TASK: The answer must consist solely of the lines from the one with "Giant Reign SX 1 2019 roz L" through the last line of the data, copied exactly, with no pictures.

Image-caption web data:
┄┄┄┄┄┄┄┄┄┄┄┄┄┄┄┄┄┄┄┄

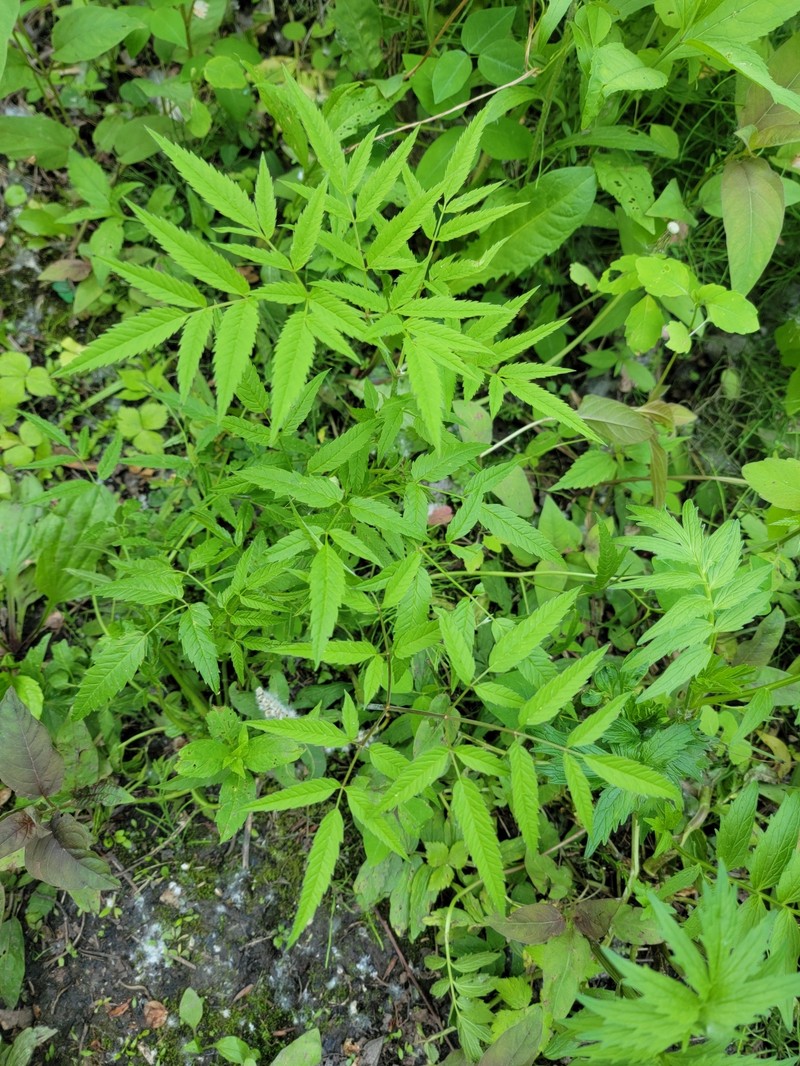 Cicuta maculata var. maculata photo 2
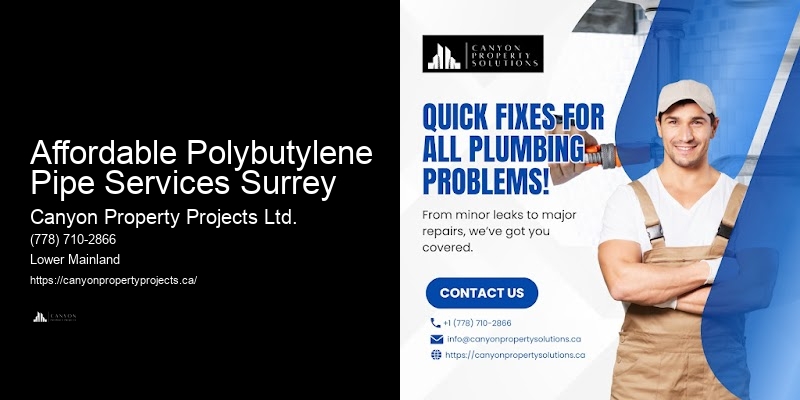 Affordable Polybutylene Pipe Services Surrey
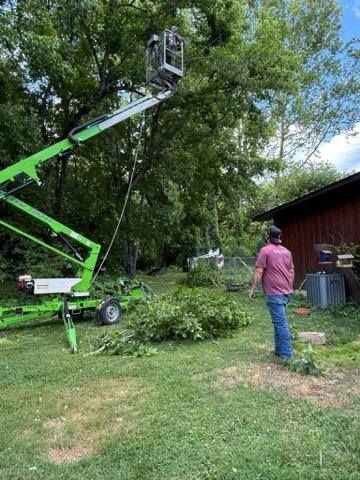 Man in backyard watches tree trimming from a green lift platform, branches on the ground.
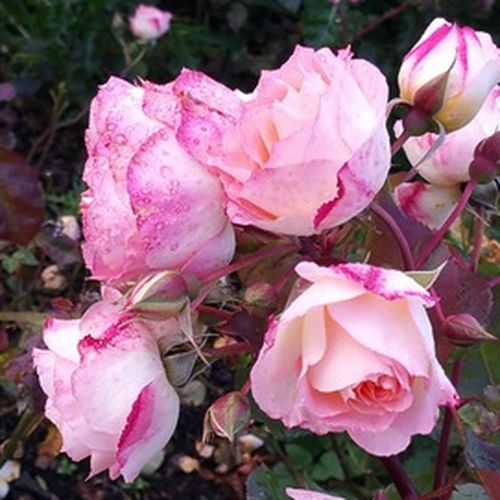 Virágágyi floribunda rózsa - Rózsa - Lake Como® - Online rózsa rendelés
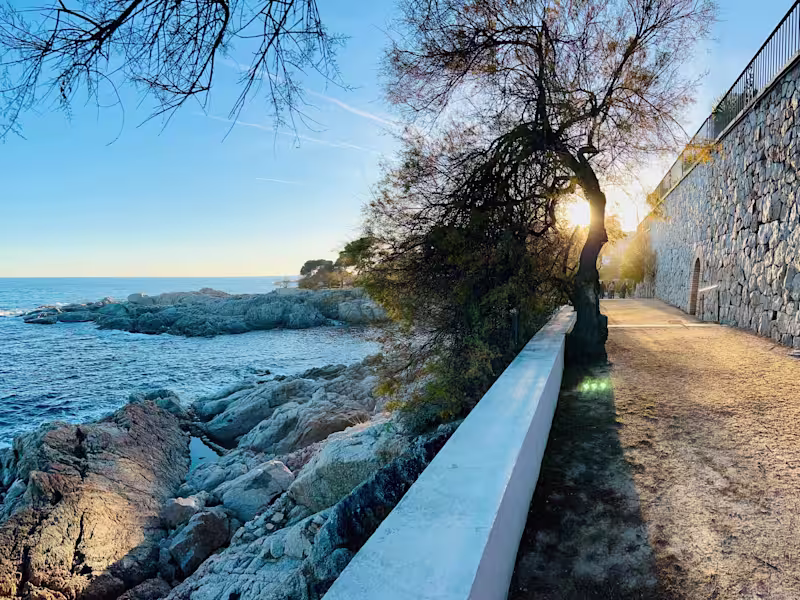 Cover image for Freelance writing to transform your ideas into beautiful prose.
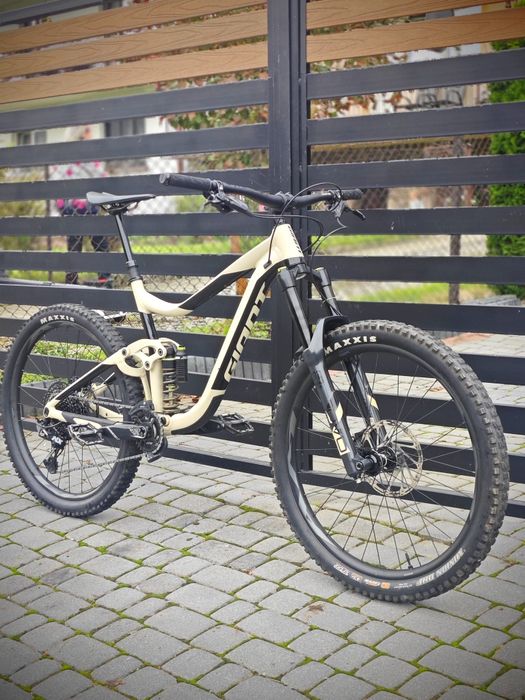Giant Reign SX 1 2019 roz L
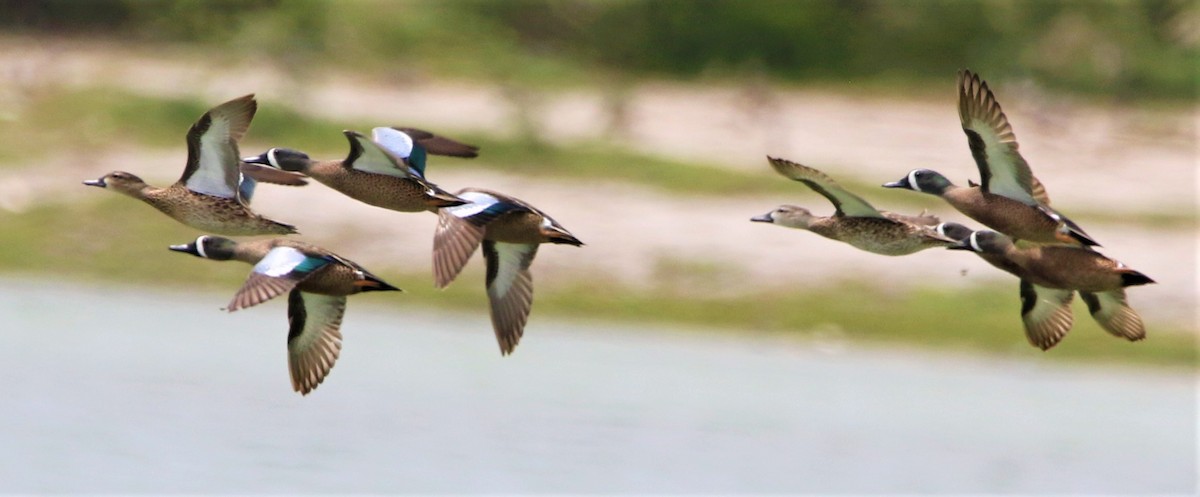 Blue-winged Teal - Daniel Lebbin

┄┄┄┄┄┄┄┄┄┄┄┄┄┄┄┄┄┄┄┄

RESULT FOR THIS EXERCISE:
Giant Reign SX 1 2019 roz L
 Blue-winged Teal - Daniel Lebbin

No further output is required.